Crawled caption data:
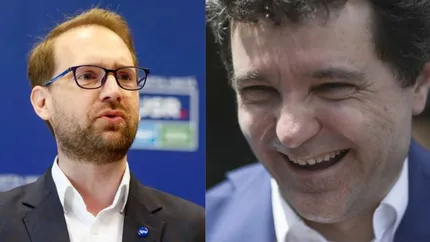 Dominic Fritz, după rezultatul exit-poll-urilor: „Această victorie îi aparține lui. România a dat dovadă de un sistem imunitar democratic extraordinar”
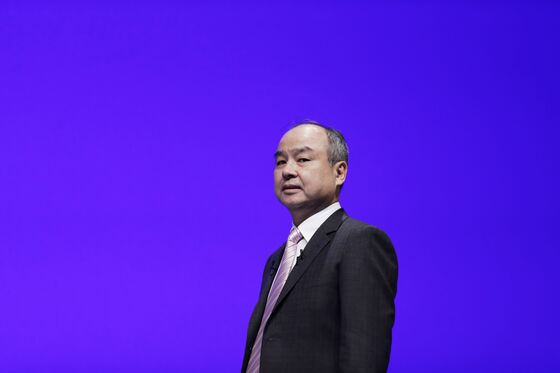 How Softbank's Massive Vision Fund Shares Profits—and Losses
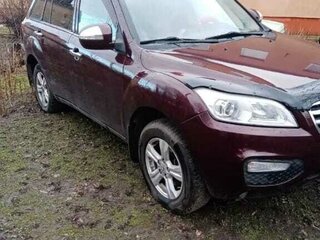 2014 Lifan X60 I, пурпурный, 475000 рублей, вид 2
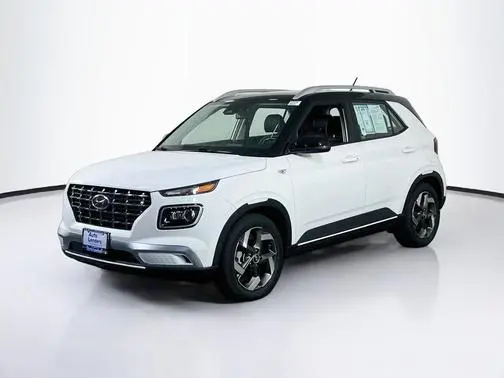 2023 Hyundai Venue Limited FWD photo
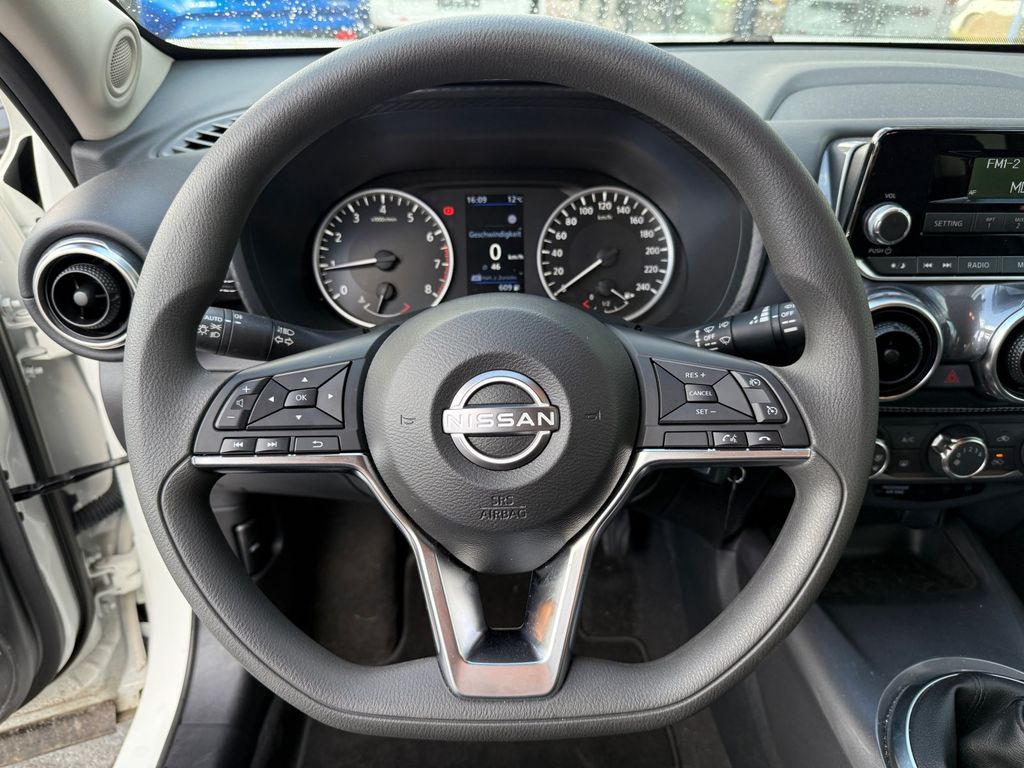 Nissan Juke 2024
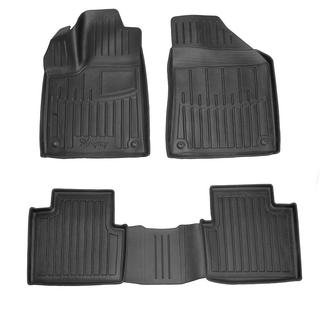 Stingray 3D gumijas salona paklāji (5 gab.) Chrysler 200 II 2014–2017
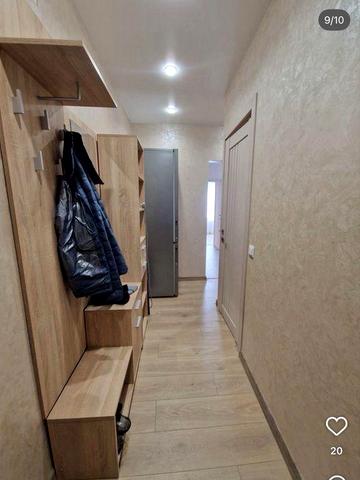 Квартира із сучасним ремонтом в самому центрі міста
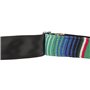 Ремінь гітарний FENDER STRAP 2" SERAPE GREEN MULTI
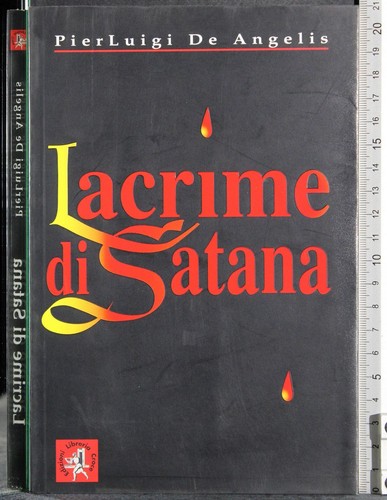 Lacrime satana pierluigi - di, satana.
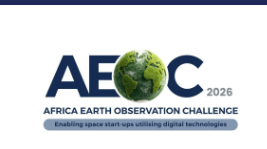 AEOC 2026: Africa Earth Observation Challenge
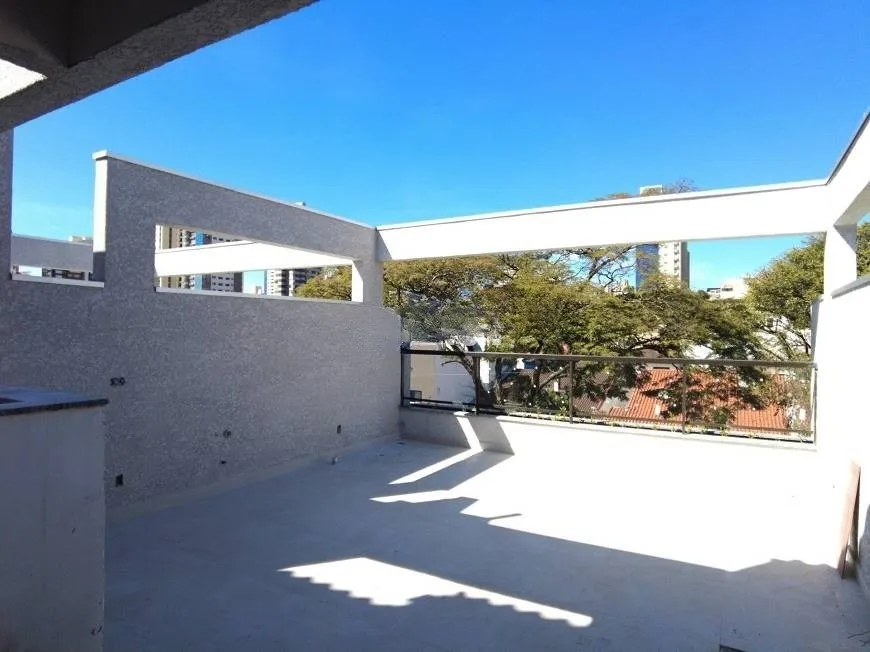Foto 1 de Cobertura com 2 Quartos à venda, 106m² em Jardim, Santo André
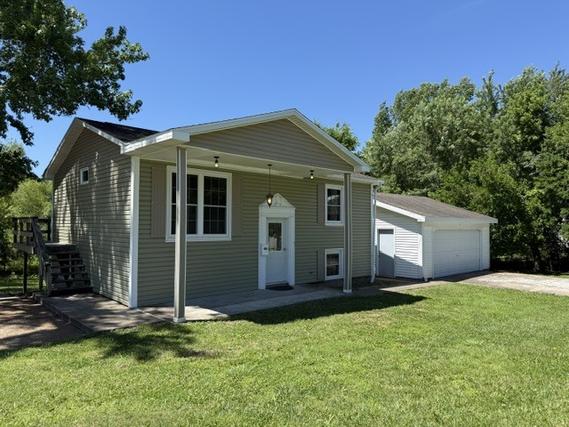 New Homes with Master Bedrooms on the 1st Floor in Carterville: May 30th to June 5th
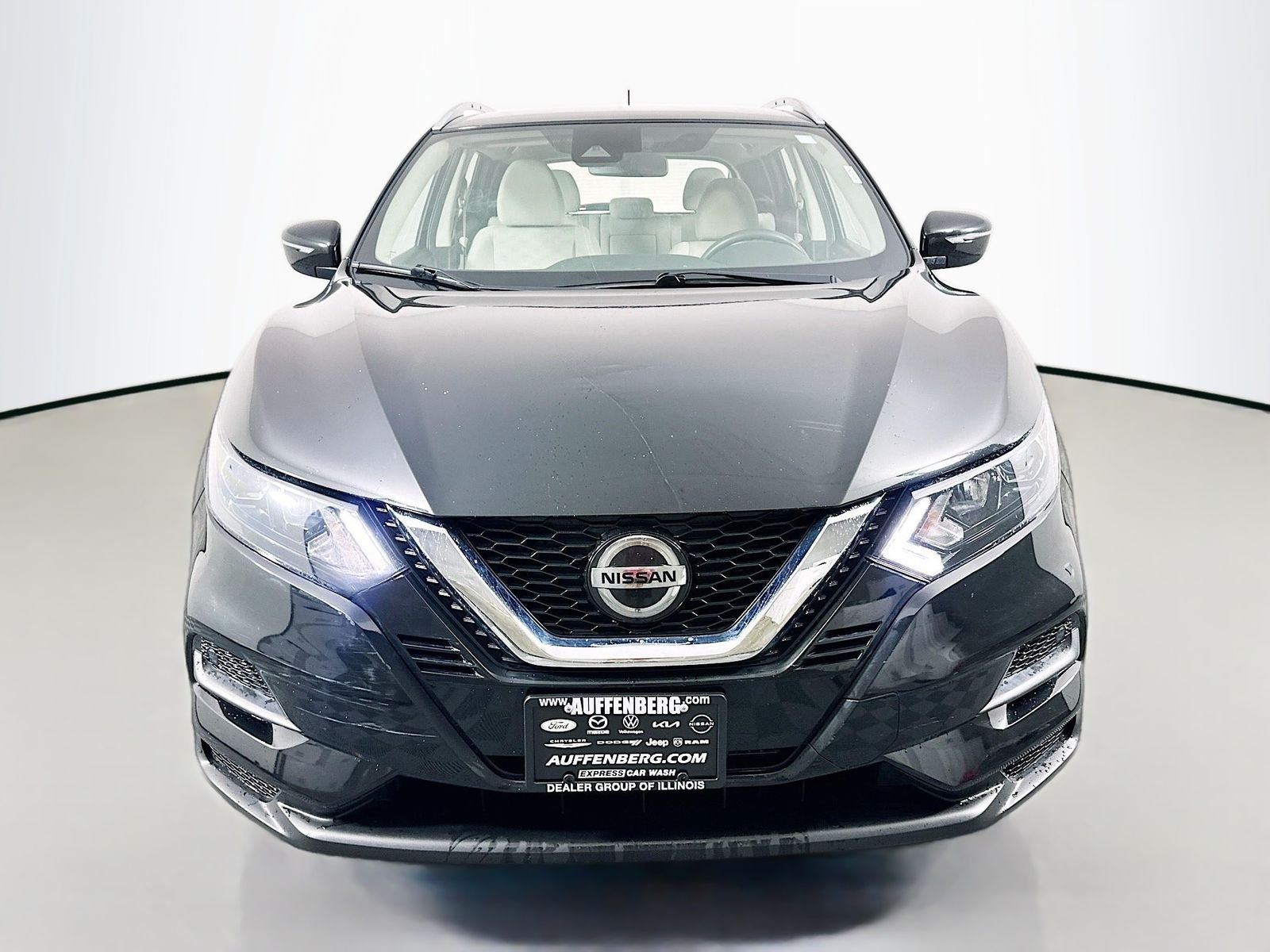 2020 Nissan Rogue Sport SV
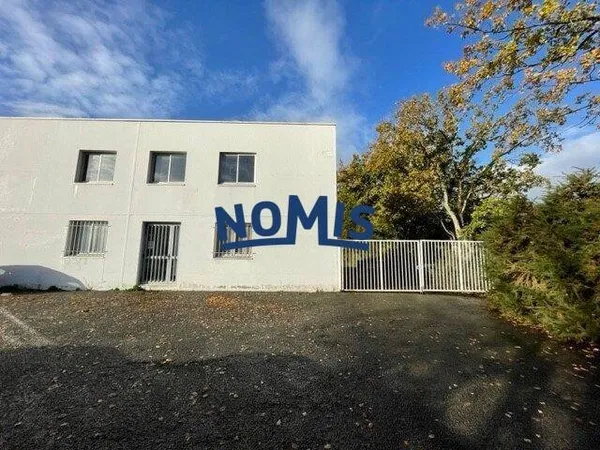 Local d'activité 384 m²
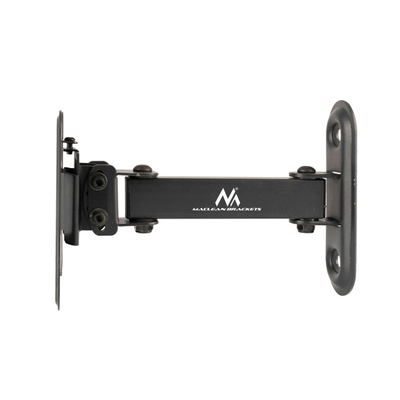 Mbajtëse muri për TV Maclean MC-416, 13"-32", e zezë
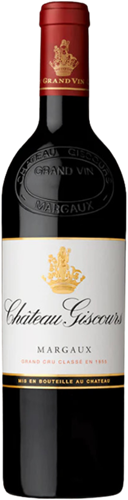 Chateaux Giscours Margaux (doos) 6x75 cl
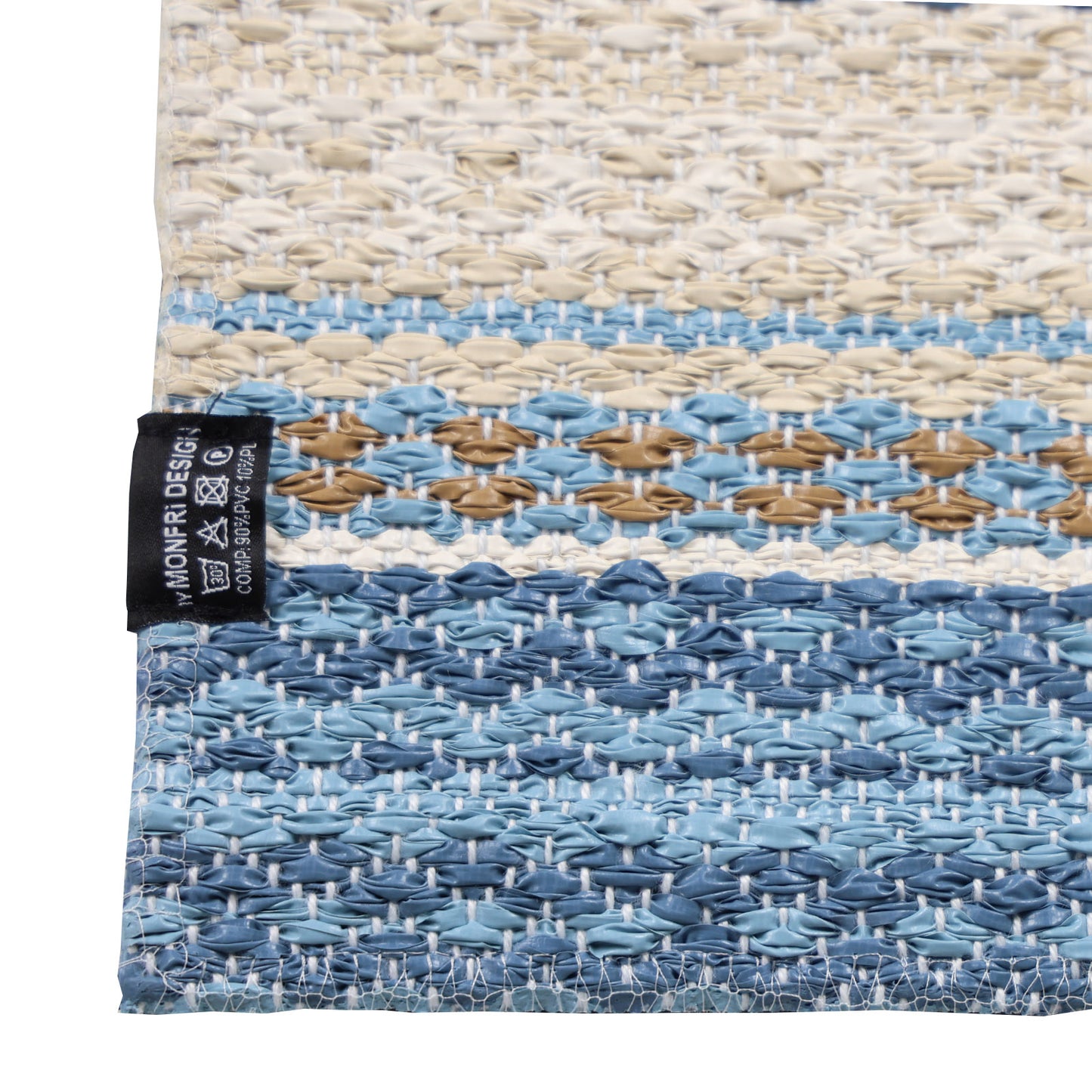 Swedy MALVA Square Place mat blue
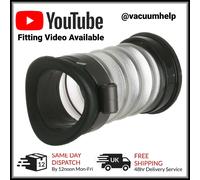 GENUINE DYSON Change Over Valve Small Ball Upright Hose COV & HOW TO VIDEO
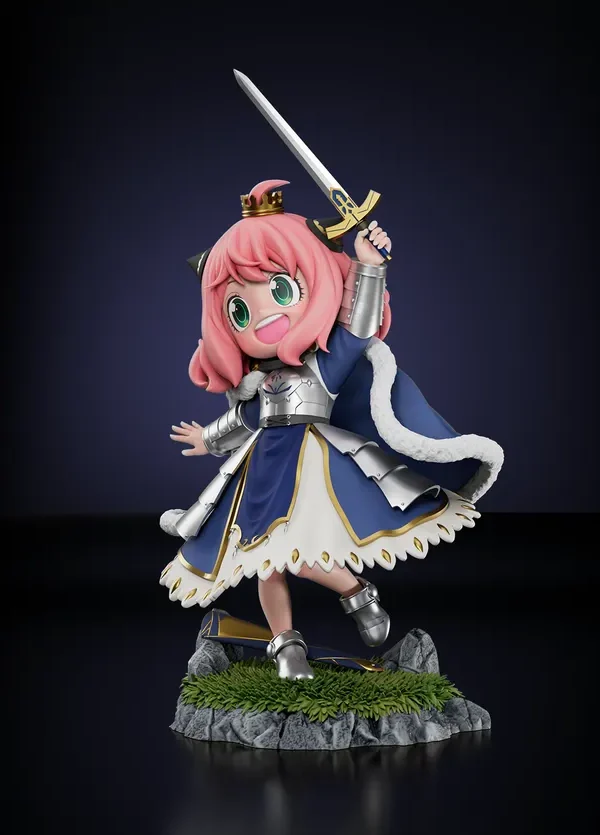 【Pre order】Lovely The Beast Studio - Spy x Family Anya Forger cos Artria Pendragon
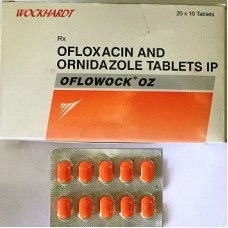 OFLOWOCK OZ TABLETS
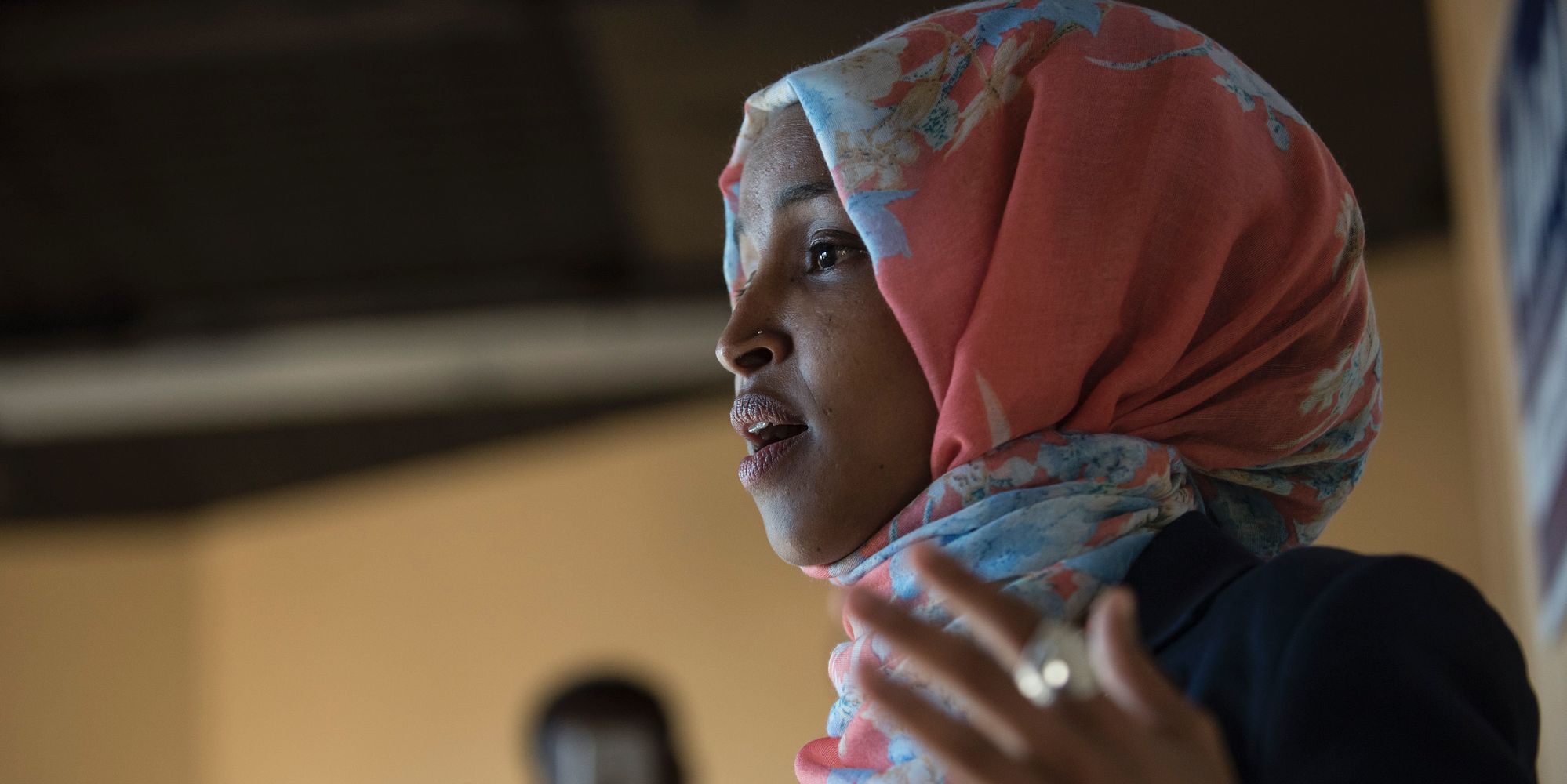 First Somali-American Lawmaker Threatened And Called 'ISIS' By Racist ...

> _ASSIGNMENT_:
Word for word, restate the lines above from the one with "Квартира із сучасним" through the one with "Local d'activité 384 m²", keeping both ends and dropping the pictures.

> _ANSWER BOX_:
 Квартира із сучасним ремонтом в самому центрі міста
 Ремінь гітарний FENDER STRAP 2" SERAPE GREEN MULTI
 Lacrime satana pierluigi - di, satana.
 AEOC 2026: Africa Earth Observation Challenge
Foto 1 de Cobertura com 2 Quartos à venda, 106m² em Jardim, Santo André
 New Homes with Master Bedrooms on the 1st Floor in Carterville: May 30th to June 5th
 2020 Nissan Rogue Sport SV
 Local d'activité 384 m²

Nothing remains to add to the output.